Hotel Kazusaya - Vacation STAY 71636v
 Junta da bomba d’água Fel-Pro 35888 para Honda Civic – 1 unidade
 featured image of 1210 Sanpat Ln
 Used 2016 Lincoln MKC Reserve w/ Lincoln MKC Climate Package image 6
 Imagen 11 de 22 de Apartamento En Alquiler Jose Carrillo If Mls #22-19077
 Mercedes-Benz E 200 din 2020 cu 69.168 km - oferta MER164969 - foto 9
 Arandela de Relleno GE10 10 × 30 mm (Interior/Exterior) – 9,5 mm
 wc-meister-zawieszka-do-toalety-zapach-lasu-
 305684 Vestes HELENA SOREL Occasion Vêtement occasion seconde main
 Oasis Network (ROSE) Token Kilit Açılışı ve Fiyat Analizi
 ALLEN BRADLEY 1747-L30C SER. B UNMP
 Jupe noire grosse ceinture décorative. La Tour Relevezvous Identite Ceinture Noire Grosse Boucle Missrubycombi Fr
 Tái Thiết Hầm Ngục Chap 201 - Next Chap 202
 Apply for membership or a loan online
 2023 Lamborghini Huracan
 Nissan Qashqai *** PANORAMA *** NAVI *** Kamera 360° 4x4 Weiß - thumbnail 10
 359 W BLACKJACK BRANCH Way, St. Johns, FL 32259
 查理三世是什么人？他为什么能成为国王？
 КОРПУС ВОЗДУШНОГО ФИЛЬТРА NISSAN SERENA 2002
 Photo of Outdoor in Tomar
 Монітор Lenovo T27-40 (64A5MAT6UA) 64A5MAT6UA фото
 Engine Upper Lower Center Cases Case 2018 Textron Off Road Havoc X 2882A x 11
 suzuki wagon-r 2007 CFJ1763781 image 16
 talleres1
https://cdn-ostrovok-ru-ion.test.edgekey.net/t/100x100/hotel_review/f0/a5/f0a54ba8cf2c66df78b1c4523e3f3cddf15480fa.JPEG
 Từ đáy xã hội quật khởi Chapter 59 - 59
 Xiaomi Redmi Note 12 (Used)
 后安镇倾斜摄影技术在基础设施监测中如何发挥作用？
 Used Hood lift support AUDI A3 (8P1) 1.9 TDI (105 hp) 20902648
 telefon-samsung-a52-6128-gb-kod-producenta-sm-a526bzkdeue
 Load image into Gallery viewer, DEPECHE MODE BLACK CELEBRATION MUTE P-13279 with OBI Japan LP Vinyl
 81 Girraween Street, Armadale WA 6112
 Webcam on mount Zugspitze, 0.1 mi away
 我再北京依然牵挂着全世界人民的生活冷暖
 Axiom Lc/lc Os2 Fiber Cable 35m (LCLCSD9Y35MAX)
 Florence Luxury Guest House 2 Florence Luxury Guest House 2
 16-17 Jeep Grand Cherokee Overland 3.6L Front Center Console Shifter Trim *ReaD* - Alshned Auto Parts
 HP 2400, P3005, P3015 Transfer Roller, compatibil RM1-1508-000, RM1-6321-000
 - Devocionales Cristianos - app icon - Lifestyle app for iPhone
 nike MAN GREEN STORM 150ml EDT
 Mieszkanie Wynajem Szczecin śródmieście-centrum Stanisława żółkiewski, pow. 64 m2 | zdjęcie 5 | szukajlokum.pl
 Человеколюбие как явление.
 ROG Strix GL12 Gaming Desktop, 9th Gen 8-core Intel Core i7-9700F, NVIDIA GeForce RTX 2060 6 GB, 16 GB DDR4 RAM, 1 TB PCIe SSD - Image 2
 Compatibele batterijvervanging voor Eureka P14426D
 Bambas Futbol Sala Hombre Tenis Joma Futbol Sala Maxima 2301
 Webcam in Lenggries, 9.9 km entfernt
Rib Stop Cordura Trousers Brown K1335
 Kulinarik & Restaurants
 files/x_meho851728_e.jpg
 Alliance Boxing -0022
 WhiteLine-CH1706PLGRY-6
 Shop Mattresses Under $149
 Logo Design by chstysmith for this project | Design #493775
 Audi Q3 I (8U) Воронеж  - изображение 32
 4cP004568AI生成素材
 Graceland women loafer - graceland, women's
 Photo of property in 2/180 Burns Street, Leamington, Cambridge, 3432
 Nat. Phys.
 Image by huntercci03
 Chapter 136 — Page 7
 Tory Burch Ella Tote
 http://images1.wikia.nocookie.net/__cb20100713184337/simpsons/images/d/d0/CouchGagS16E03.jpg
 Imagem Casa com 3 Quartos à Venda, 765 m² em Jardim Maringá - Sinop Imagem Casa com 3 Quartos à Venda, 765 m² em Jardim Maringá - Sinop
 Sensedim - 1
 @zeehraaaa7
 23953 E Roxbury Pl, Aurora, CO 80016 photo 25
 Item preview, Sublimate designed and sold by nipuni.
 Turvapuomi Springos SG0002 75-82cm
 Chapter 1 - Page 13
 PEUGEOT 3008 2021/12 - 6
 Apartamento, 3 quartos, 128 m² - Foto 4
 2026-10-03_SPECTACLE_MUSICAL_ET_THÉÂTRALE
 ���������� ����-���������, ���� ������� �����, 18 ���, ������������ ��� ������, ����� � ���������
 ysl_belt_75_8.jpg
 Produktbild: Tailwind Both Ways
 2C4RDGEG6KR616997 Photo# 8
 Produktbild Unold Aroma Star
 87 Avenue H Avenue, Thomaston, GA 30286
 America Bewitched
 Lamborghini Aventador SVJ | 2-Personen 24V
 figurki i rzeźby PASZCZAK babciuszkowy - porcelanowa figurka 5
------
• Task prompt
Taking the entries above, print exactly the lines starting at the line with "Nissan Qashqai ***" and ending at the line with "Монітор Lenovo T27-40", both included.

• Reply to the exercise
 Nissan Qashqai *** PANORAMA *** NAVI *** Kamera 360° 4x4 Weiß - thumbnail 10
 359 W BLACKJACK BRANCH Way, St. Johns, FL 32259
 查理三世是什么人？他为什么能成为国王？
 КОРПУС ВОЗДУШНОГО ФИЛЬТРА NISSAN SERENA 2002
 Photo of Outdoor in Tomar
 Монітор Lenovo T27-40 (64A5MAT6UA) 64A5MAT6UA фото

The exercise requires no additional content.